Depois disso, nunca mais se ouviu falar do Arubinha, mas a figura mítica que construiu [ou construíram sobre ele] jamais será esquecida. Os vascaínos que o digam. E atenção: o sapo continua lá, no gramado de São Januário. “São” Pai Santana, entre em ação, por favor.

A MALDIÇÃO DE ARUBINHA DO ANDARAHY

por PH Gomes


Foto do Arubinha. Fonte: Sport Ilustrado, edição 265, de 1943.

Um acidente. Com jogo atrasado. 12 a 0. Quatro gols de Niginho. Uma costela quebrada de Oscarino. A maldição de Arubinha contra o Feitiço do ataque dos Camisas Negras. Uma história que virou lenda e tornou o futebol carioca ainda mais curioso.

Lá nos anos de 1920 e 1930, os Camisas Negras inscreveram o nome do Vasco da Gama na eterna história de títulos do futebol carioca. Era o time a ser batido. Era o favorito das finais.
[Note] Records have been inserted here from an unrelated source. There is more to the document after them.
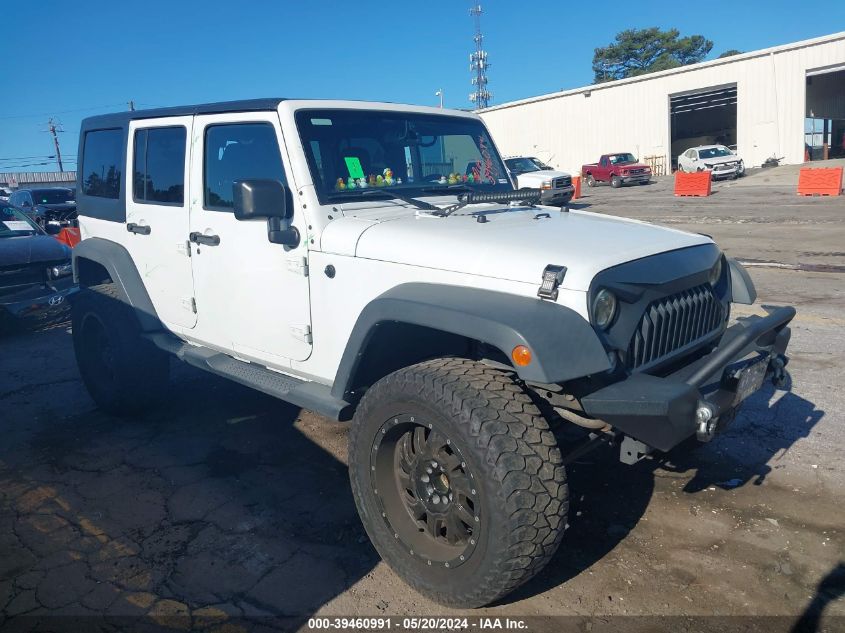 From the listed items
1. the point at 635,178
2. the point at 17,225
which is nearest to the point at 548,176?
the point at 635,178

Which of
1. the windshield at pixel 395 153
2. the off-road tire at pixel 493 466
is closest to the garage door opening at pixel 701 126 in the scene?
the windshield at pixel 395 153

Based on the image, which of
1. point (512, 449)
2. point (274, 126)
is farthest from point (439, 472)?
point (274, 126)

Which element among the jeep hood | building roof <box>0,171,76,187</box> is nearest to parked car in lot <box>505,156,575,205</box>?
the jeep hood

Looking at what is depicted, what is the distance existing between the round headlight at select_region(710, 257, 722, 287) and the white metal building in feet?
115

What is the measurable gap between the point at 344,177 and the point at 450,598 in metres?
2.17

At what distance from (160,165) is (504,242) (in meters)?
2.72

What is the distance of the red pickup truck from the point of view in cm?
3281

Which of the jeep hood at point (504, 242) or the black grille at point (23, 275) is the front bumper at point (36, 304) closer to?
the black grille at point (23, 275)

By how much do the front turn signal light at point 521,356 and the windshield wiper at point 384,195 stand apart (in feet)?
4.40

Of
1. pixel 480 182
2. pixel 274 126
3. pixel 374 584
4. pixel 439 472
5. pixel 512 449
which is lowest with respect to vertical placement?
pixel 374 584

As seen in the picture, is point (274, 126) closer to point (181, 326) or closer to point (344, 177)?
point (344, 177)

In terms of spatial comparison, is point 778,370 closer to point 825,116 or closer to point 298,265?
point 298,265

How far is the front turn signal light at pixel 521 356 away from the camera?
2473 mm

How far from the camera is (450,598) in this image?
2.80 meters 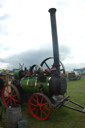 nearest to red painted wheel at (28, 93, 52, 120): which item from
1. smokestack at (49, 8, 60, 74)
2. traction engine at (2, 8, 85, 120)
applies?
traction engine at (2, 8, 85, 120)

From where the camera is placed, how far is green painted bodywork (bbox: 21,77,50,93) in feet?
13.9

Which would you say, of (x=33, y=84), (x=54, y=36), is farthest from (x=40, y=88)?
(x=54, y=36)

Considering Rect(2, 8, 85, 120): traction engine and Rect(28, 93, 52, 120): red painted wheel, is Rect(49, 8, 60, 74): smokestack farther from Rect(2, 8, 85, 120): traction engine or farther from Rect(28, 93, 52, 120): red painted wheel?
Rect(28, 93, 52, 120): red painted wheel

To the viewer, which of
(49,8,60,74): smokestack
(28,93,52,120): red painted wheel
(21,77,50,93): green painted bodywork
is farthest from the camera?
(49,8,60,74): smokestack

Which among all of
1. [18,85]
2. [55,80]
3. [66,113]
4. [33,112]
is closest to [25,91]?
[18,85]

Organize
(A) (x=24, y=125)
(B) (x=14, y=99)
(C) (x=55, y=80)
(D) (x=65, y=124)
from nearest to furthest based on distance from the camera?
(A) (x=24, y=125), (D) (x=65, y=124), (C) (x=55, y=80), (B) (x=14, y=99)

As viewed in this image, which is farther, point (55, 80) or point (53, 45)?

Enfrentá-lo era sinal de derrota ou vitória sofrida, especialmente pelos times do subúrbio carioca. Por outro lado, o Andarahy Athletico Club era o time da fábrica, dos trabalhadores da Confiança, do misterioso zagueiro Dondon da canção do vascaíno Nei Lopes. Em 29 de dezembro de 1937, haveria mais um confronto dos Jaquetas Verdes contra o vitorioso Camisas Negras. O resultado? Sem milagres ou novidades – vitória maioral do Vasco da Gama. O que mais chamou atenção? O acidente envolvendo os jogadores vascaínos a caminho do jogo na cancha das Laranjeiras. Apesar do susto, o Diário A Noite noticiava: “Todos bem, apesar da costela partida de Oscarino”. O que ficou na história? A Uruca dos 12 anos. Como assim?


Notícia do jogo. Fonte: Diário A Noite, edição 9298, de 30/12/1937.

O Andarahy enfrentou um verdadeiro bombardeio, sem dó, nem piedade. Ao final do jogo, os jogadores estavam desnorteados. Arubinha, reserva do time, espectador do desastre e treinado na mandinga, não se fez de rogado e transformou sua fúria numa maldição contra o Vasco da Gama: 12 gols, 12 anos sem glórias no futebol carioca. Na surdina, foi a São Januário e enterrou um sapo na cancha vascaína. História verídica? Não se sabe. Mas, a partir daquele jogo, os Camisas Negras tiveram muitas dificuldades para ganhar jogos e títulos. Até 1945, nenhum título carioca, muita perturbação e incredulidade. A Cancha de São Januário foi revirada aos quatro cantos. Nenhum vestígio de sapo ou mandinga foram encontrados. Verdade ou não, a uruca de Arubinha durou apenas nove anos, quando o Vasco de Ondino Vieira quebrou o encanto obtendo o cetro de 1945 e nos anos posteriores alcançou as cabeças das competições locais. Por certo, o voluntarioso e místico Arubinha, do banco de reservas dos Jaquetas Verdes, assinou seu nome na história do Futebol Carioca e virou até estampa de camisa.